Os Lobos
Scen.: Rino Lupo, Dal Dramma Omonimo Di Francisco Laje E João Correia De Oliveira; F.: Artur Costa De Macedo; M.: Rino Lupo; Int.: José Soveral (Ruivo), Branca De Oliveira (Luzia), Joaquim Almada (Tónio), Sarah Cunha (Águeda), Joaquim Avelar (Gardunho), Eduardo Rios (Sam Gens), Flora Frizzo (Andreza), Manuel Batista (Ti Gemil), Aida De Oliveira (Iria), Francisco Amores (Sílvio), Ricardina Maria (Rita), Santos Castro (Tobias), Jeanne Nancray (Silvana), Carmencita Diaz (Celeste), Palmira De Avelar (Cotovia), José Moreira (Simão Do Anho), Carmen Alves; Prod.: Carlos Cudell Goetz Per Ibéria Film; 35mm. L.: 1700 M. D.: 83’ A 18 F/S. Bn. Tinted, Toned.
Film Notes
This is the second version of Os Lobos. The first, screened in Lisbon and Porto in 1923, was longer than the second, which came out in Lisbon in 1924. There is no know copy of the first version. Os Lobos, by the Italian Rino Lupo, has often been considered the masterpiece of the first period of Portuguese cinema, the period of “Portuguese cinema made by foreign directors”. Lupo had already worked as an actor and director on around twenty films shot in different European countries before working in Portugal.

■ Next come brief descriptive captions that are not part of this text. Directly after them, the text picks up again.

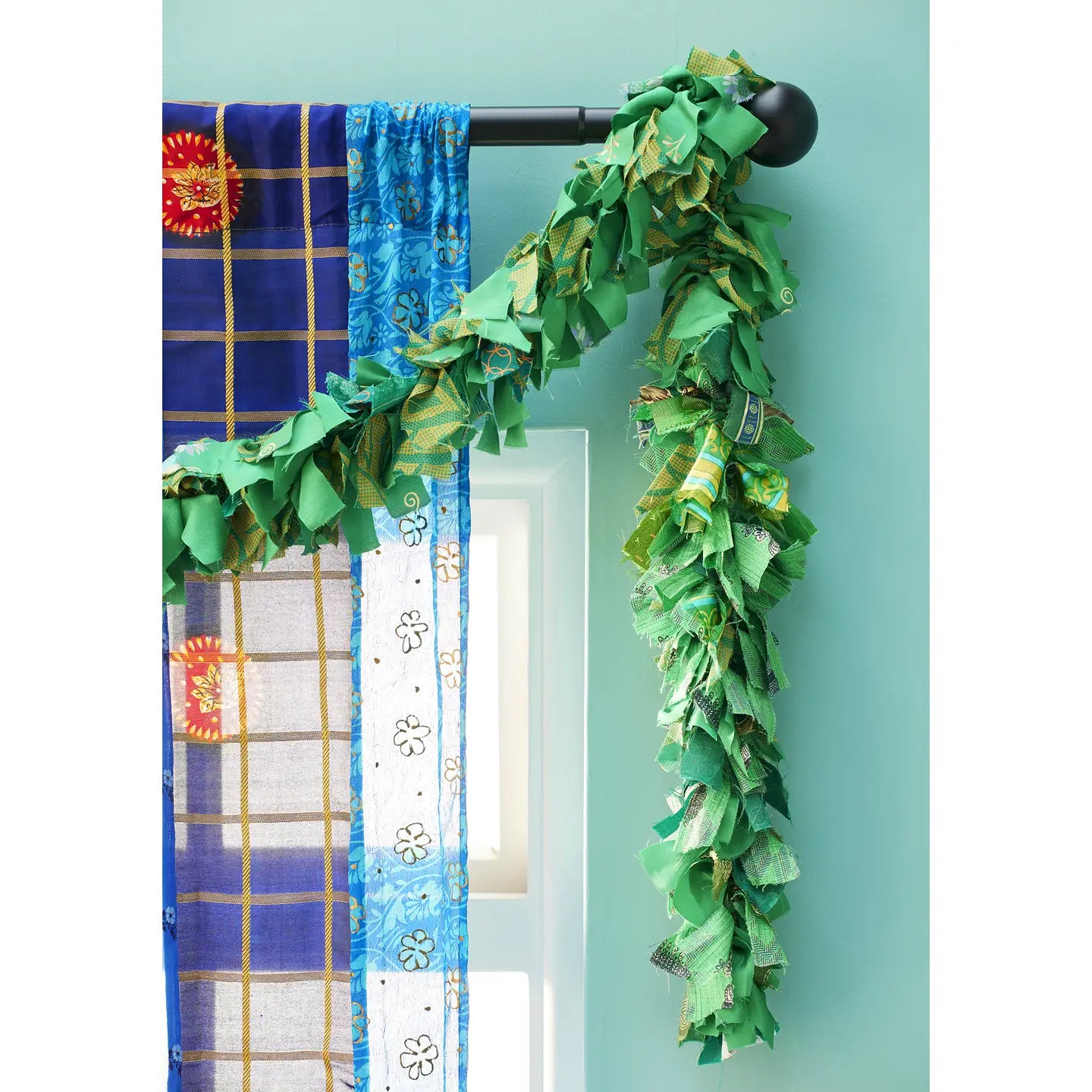 Recycled Sari Eco Tinsel / Garland - Green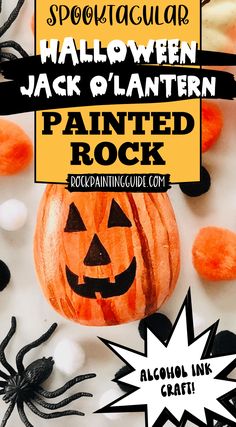 halloween jack o lantern painted rock with text overlay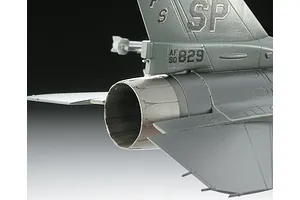 Close-up of the rear exhaust nozzle and tail section of a grey F-16 Fighting Falcon plastic model aircraft.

In Paris (where he worked with Perret), Berlin, Copenhagen, Moscow, Warsaw. It was from Warsaw that Lupo set off for Portugal in 1921, where he shot seven films between 1921 and 1929. He then moved to Spain, Rome and finally Berlin where he died in 1933. The film tells the story of a small mountain community whose daily calm is shattered by the arrival of Ruivo, “the old sea dog”, whose love affairs have already caused the death of one man. Ruivo carries on with his philandering in the mountains, but this time he cannot escape “the mountain dog” Tonio’s revenge. Os Lobos defines the characteristics that became constant features of the best Portuguese cinema: the creation of a poetic dimension around the script, or even at odds with it; the establishment of a plastic representation, which frames the dramatic representation; the collection of quotes and scattered memories that crowd an imaginary world that is recognisable not for what it is but for the way it fluctuates. If there is a “school of Portuguese cinema”, as some claim, it has its roots in this eccentric film that deserves a place in any respectable anthology of the unusual. It is a “flamboyant” work, as one would describe the late Gothic period, somewhere between hyperrealism and surrealism, a high point of the aesthetic of the unusual, that has rarely achieved such a powerful and unique impact on our collective imagination.